Causal inference and Bayesian networks
In the last section we discussed how to ensure, from a theoretical point of view, that association implies causation. We stress that we are talking about the theoretical point of view because, from a practical perspective, only domain knowledge can ensure us that theory matches with reality.

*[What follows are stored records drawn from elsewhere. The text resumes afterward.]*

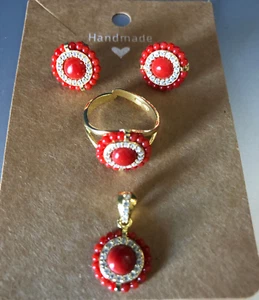 Set orecchini, anello e ciondolo in pallini di corallo rosso, zirconi e argento - Foto 1 di 5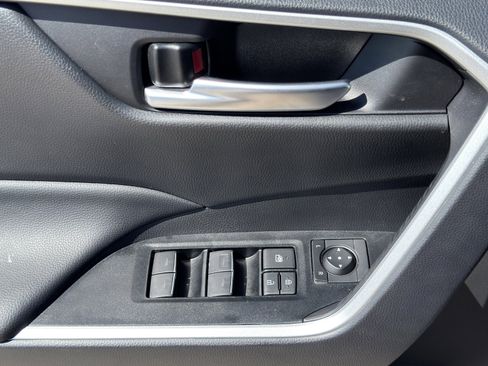 Used 2025 Toyota RAV4 XLE image 17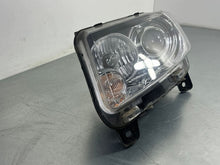Load image into Gallery viewer, Frontscheinwerfer Jeep Grand Cherokee 55079409AK Links Scheinwerfer Headlight SCH5968713714hw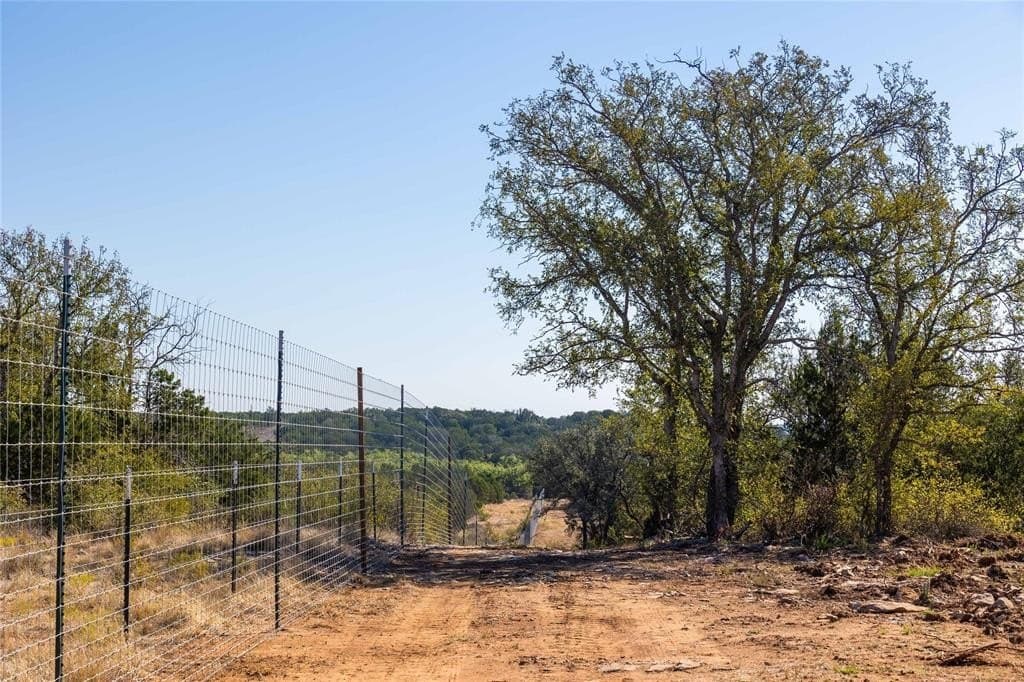 445 acres in Coleman County - photo 4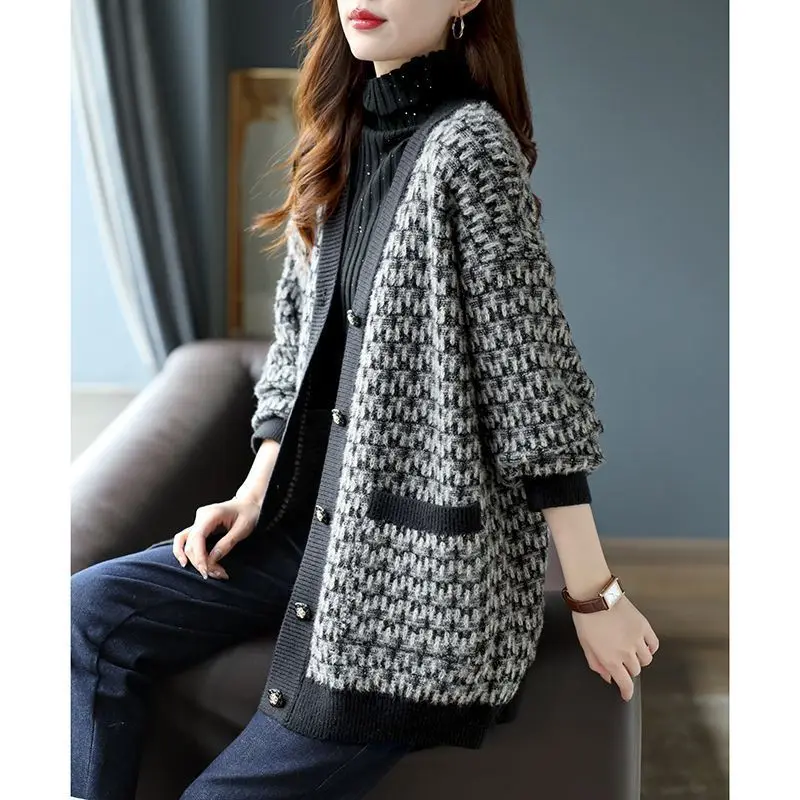 Knitted Coat Women\'s Spring and Autumn 2023 New Korean Version Loose Fitting Fashion Casual V-neck Cardigan Sweater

In this post we will discuss a set of tools which might be helpful when discussing causal relations, namely Directed Acyclic Graphs or DAGs. In a DAG we draw, as nodes, all the quantities which might be relevant in the determination of our outcome, included the outcome itself, and we draw an arrow whenever one quantity might causally affect another quantity. Therefore, if we draw $A \rightarrow B\,,$ we assume that a change in $A$ would imply a change in $B\,.$ Of course, we always want to keep a probabilistic perspective, we can therefore make the above statement more precise and say that a change in $A$ would imply a change in the probability distribution of $B\,.$ In the case of two events, we might have that the events are disconnected, so $A$ and $B$ are not causally connected, or $A$ causes $B$, or $B$ causes $A\,.$ We assume that events are well located in time, therefore we cannot have cycles. In other words, if $A$ changes $B$ then $B$ cannot change $A\,,$ since the arrow of time goes from $A$ to $B\,.$ We might however have $A_t \rightarrow B_t \rightarrow A_{t+1}\dots\,,$ but this case won’t be discussed here.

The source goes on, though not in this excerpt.